- GBP/USD regained positive traction on Thursday and recovered a part of the overnight slump.
- Retreating US bond yields kept the USD bulls on the defensive, which extended some support.
- Aggressive Fed rate hike bets, the risk-off mood should limit any meaningful slide for the buck.
- Diminishing odds for any further BoE rate hikes might also contribute to cap gains for the pair.
The GBP/USD pair maintained its bid tone through the early part of the European session and was last seen trading near the daily high, around the 1.2375-1.2380 region.
The pair attracted some buying on Thursday and recovered a part of the overnight slump, though any meaningful recovery still seems elusive. A softer tone surrounding the US Treasury bond yields kept the US dollar bulls on the defensive and extended some support to the GBP/USD pair. That said, the risk-off mood, along with the prospects for a more aggressive policy tightening by the Fed, should limit losses for the greenback and cap any further gains for the major.
On the other hand, the British pound was weighed down by looming recession risk and diminishing odds for any further interest rate hikes by the Bank of England.
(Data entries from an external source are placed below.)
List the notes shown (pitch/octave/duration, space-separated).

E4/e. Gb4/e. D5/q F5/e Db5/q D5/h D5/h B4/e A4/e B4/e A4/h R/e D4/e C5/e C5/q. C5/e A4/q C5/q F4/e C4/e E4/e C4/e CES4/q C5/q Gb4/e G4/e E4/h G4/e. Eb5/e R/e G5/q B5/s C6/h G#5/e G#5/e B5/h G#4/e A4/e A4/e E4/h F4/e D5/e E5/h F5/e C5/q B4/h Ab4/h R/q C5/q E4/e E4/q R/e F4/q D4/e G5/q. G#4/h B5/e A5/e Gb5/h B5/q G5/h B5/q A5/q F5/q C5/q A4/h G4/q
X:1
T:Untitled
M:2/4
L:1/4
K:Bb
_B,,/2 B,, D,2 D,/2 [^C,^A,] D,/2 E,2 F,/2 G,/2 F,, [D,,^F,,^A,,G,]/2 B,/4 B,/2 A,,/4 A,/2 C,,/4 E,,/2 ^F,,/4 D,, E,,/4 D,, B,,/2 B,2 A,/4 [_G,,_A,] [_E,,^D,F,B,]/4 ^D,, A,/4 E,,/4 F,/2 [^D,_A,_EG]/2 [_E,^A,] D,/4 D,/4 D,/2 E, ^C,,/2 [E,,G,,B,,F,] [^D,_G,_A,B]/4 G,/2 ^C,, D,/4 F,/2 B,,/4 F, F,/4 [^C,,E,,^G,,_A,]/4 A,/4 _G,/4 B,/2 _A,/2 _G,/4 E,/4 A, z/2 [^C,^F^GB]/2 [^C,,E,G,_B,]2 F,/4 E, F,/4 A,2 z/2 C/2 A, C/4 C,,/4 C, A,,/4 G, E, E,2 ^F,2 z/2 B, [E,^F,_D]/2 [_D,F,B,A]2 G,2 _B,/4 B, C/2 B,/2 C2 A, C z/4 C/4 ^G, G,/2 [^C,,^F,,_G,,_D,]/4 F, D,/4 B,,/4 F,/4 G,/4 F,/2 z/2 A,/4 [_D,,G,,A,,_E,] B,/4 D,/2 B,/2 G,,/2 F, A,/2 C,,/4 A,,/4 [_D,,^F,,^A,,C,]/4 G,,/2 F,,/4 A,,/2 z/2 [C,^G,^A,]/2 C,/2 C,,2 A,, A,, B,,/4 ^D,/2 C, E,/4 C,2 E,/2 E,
The latest UK consumer inflation figures released on Wednesday, along with a surprise contraction of the economy in March, fueled stagflation fears. Moreover, rising wages threaten to further exacerbate inflationary pressures and hurt consumer spending, forcing investors to scale back BoE rate hike bets.
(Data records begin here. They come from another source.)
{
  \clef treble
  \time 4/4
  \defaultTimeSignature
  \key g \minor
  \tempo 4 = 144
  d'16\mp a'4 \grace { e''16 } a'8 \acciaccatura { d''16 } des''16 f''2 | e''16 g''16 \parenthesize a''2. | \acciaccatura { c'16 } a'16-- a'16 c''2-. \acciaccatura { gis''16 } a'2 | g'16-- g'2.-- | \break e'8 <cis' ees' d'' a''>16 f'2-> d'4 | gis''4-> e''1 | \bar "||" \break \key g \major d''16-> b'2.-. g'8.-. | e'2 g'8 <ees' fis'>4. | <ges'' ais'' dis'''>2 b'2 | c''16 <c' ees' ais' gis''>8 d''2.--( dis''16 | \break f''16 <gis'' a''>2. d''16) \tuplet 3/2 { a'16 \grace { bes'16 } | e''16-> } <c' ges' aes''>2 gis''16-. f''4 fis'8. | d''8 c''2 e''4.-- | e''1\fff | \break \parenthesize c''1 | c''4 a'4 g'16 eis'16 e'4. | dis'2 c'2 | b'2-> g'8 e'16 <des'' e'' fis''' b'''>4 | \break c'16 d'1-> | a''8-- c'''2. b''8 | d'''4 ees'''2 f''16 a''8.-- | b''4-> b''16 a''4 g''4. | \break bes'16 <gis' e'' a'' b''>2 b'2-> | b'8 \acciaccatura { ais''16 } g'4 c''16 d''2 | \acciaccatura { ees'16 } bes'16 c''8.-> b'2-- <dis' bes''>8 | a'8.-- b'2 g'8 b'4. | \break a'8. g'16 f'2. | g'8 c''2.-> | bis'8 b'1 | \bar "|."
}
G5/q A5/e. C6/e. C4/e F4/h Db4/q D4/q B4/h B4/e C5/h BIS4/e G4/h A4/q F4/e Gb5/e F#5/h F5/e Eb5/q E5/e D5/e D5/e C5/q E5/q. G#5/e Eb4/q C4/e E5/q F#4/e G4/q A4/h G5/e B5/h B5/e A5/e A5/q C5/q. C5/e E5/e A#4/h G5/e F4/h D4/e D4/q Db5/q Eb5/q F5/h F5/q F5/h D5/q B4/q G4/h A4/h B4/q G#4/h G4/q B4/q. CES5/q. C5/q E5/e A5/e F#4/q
Market players also seem worried that Britain's push to effectively override parts of the Brexit trade deal for Northern Ireland would inflame tensions with Europe and trigger a trade war in the middle of the cost-of-living crisis. This could further take its toll on the UK economy and validate the BoE's gloomy outlook, which, in turn, should keep a lid on any meaningful upside for the GBP/USD pair. Hence, any subsequent move up would still be seen as a selling opportunity.
Traders now look forward to the US economic docket, featuring the release of the Philly Fed Manufacturing Index, the usual Weekly Initial Jobless Claims and Existing Home Sales data later during the early North American session. Apart from this, the US bond yields and the broader market risk sentiment will influence the USD price dynamics. This, along with the incoming Brexit-related headlines, should provide a fresh impetus to the GBP/USD pair.